Noted Apple analysts Neil Cybart and Horace Dediu sat down with UBS' Steven Milunovich to discuss Apple's future — and a big topic of conversation was where Apple's intent is in the automotive and transportation spaces.
In a transcript of a conversation had on May 9, Above Avalon's Neil Cybart declared that he believes that "transportation could be the future of Apple," and called the storied Project Titan not a discrete product, but an entire transportation platform. Apple's investments in self-driving car technology, artificial intelligence, machine learning, and mapping point to a more systemic approach to transportation, rather than just a focus on cars.
"If you remove the branding, cars are all about the same now. Car companies don't want to take risks," said Cybart. "That's why you see these crossovers. Is that really the best way forward? I think Apple thinks differently."
The risks of Apple-controlled and developed transportation are less about technology, and more about business realities, according to Cybart.
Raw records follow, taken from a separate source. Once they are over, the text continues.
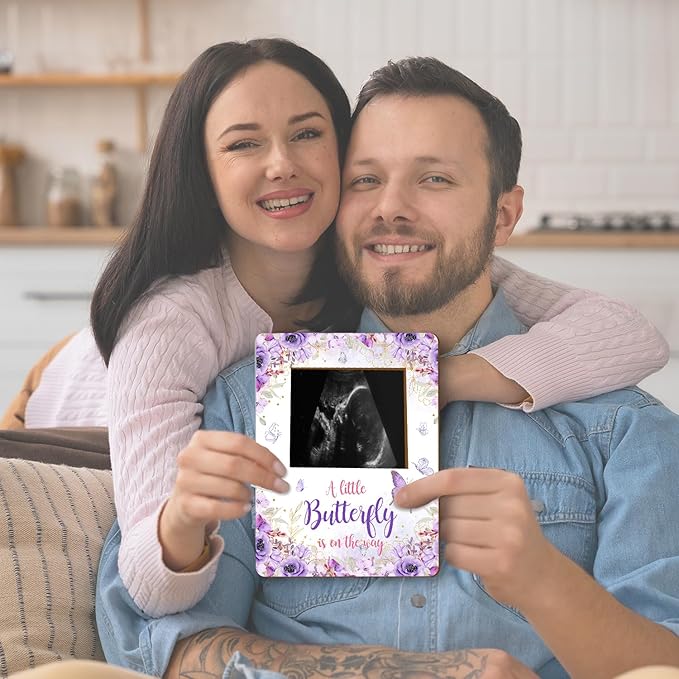 ALodr Butterfly Baby Shower Decorations, Butterfly Baby Shower Sign Picture Frame, Girl Decor for Gender Reveal, Pregnancy Milestone Keepsake, Pregnancy Announcement Sonogram Photo Frames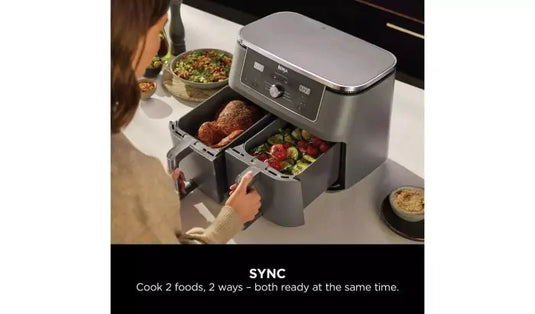 Ninja MAX 6-in-1 Dual Air Fryer | 9.5L | Gun Metal Grey | DZ400UK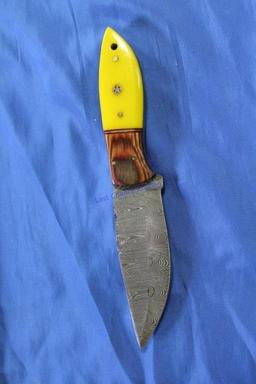 Custom Wood/Resin Handle 4" Damascus Knife
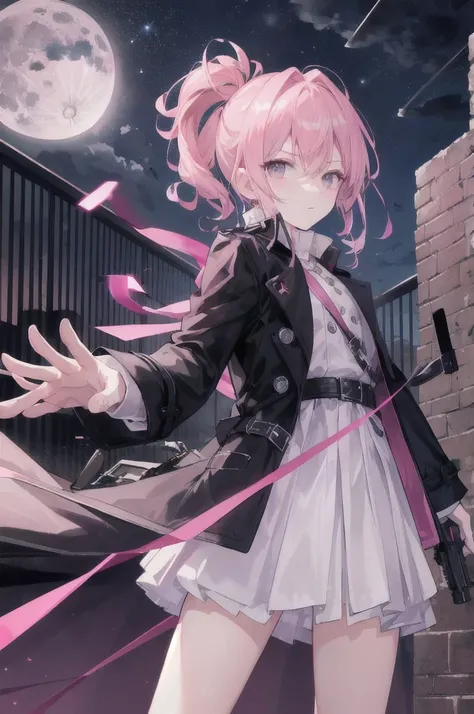 absurdres,hires,ultra detailed, a boy,pink medium hair, night, moon light, roof top, wearing a trench coat, holding a toy gun, aiming at viewer, shooting action, expressionless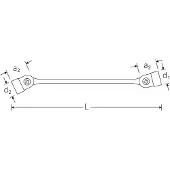 Stahlwille Juego de llaves articuladas dobles , modelo 39657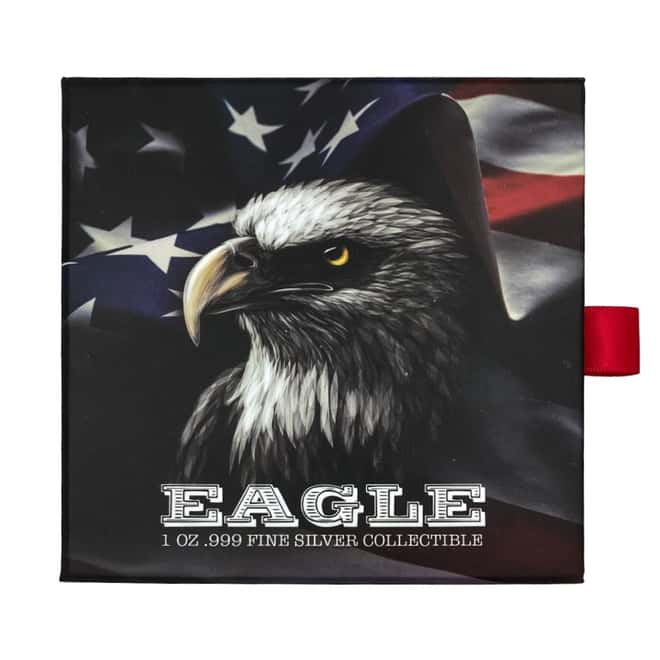 2022 Chad 1 oz Silver American Eagle Shaped High Relief Coin .999 Fine (w/Box)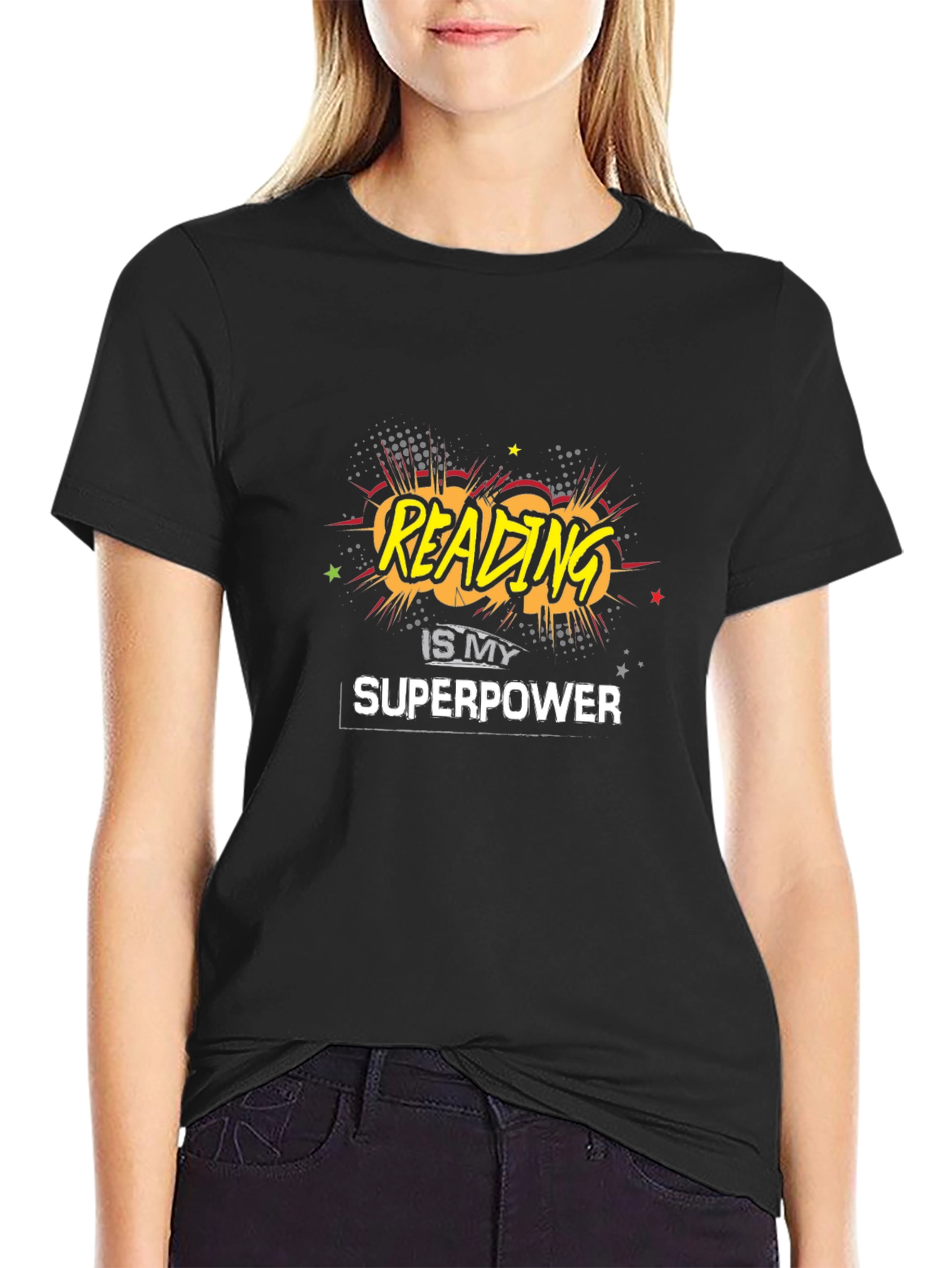 Black Reading is my Superpower T-Shirt view 2
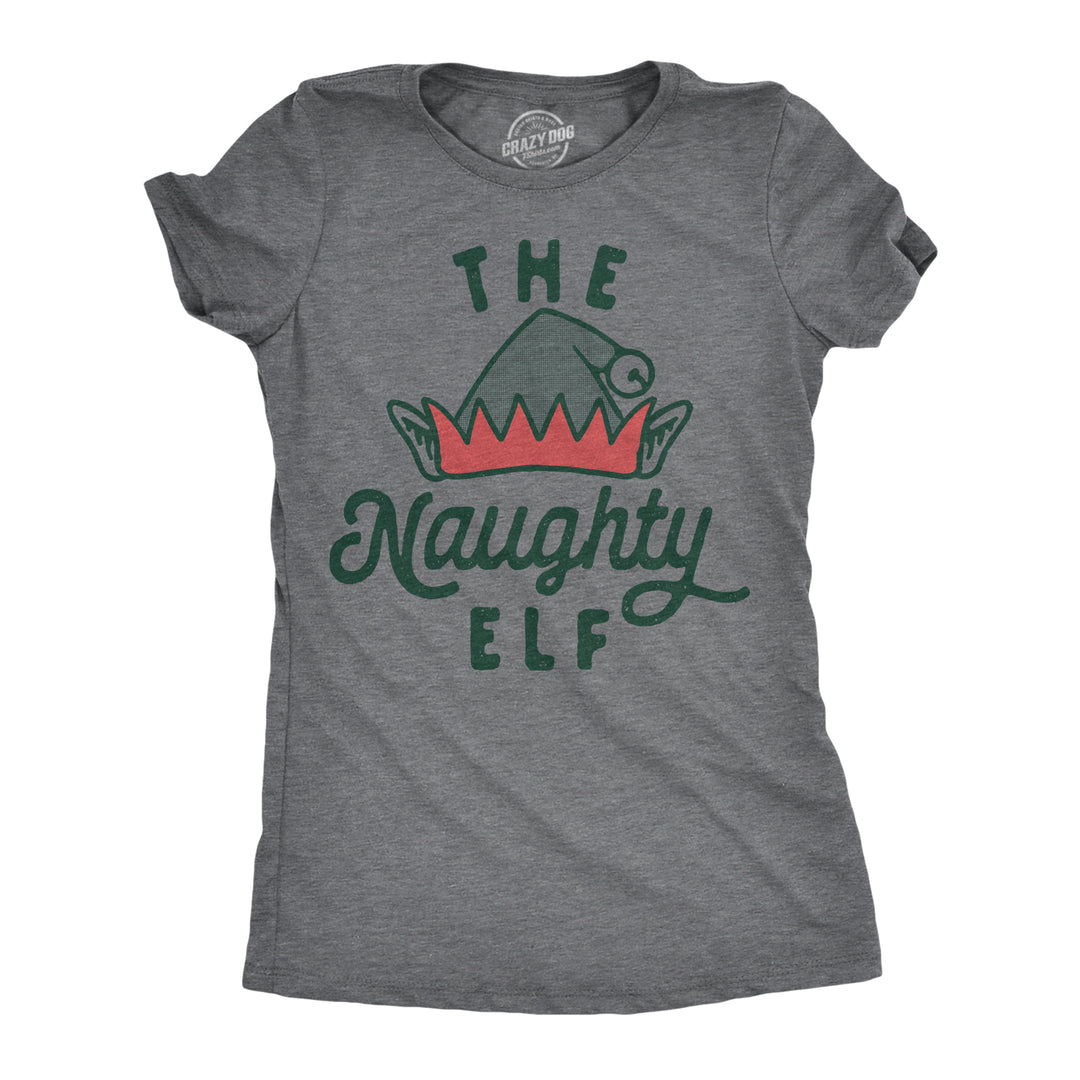 Funny Dark Heather Grey - NAUGHTY The Naughty Elf Womens T Shirt Nerdy Christmas Sarcastic Tee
The analyst believes that the first iPhone concepts were developed in the early part of the 21st century, and it wasn't until Apple started figuring out how to sell it that the concept solidified — and cars and associated industries likely won't be any different.
"There's an ocean of money out there. They'll take their part of it." — Horace Deidu
"This management team in particular understands that the way forward is to control the whole experience, both the hardware and software," said Cybart. "The question that everyone is debating is whether there is a business behind this."
"I don't think the chatter about them just doing the self-driving piece and then working with legacy automakers is correct," added Cybart. "That's more or less the press getting snapshots of what's happening with Project Titan and jumping to conclusions. "
Asymco.com founder and Senior Fellow at the Clayton Christiansen Institute Horace Dediu mostly agrees, but believes that there will be an exodus from Silicon Valley as companies figure out how to make money with the long life-cycle of automobiles. However, Apple remains in a good place to capitalize on the long cycle, by holding a massive amount of cash on hand to weather any transitions that may need to happen.
"If you're stamping out sheet metal, you're in a five-year cycle for product launches and a 15-year cycle in terms of vehicle life span. You're looking at a 20-year cycle," said Dediu. "What makes Silicon Valley possible is a one-year cycle time. As a result, the timing is going to cause people disillusionment. I don't think Apple will be disillusioned long term. They'll try to figure it out and get to that plateau of productivity."
"There is a $15 trillion estimate out there for transportation; manufacturing alone is $5 trillion. This is way more than telecom, way more than computing, way more than IT, and even more than healthcare, " concluded Dediu. "There's an ocean of money out there. They'll take their part of it."
On April 21, a report revealed snippets of Apple's California Department of Motor Vehicles self-driving car application, offering insight into the company's autonomous vehicle project. Apple's full application was revealed a bit later, and incorporates a copy of the testing process it used to certify the six drivers who will pilot three modified 2015 Lexus RX450h SUVs.
Even before the autonomous vehicle permits in California, Apple was long rumored to be working on vehicle technology under the "Project Titan" aegis. The company reportedly abandoned efforts to create a branded car in late 2016 when former project leader Steve Zadesky left Apple and handed the reins over to senior VP of Hardware Engineering Dan Riccio.
Project Titan was later transferred to longtime executive Bob Mansfield, who subsequently culled hundreds of employees and refocused the program on self-driving software and supporting hardware.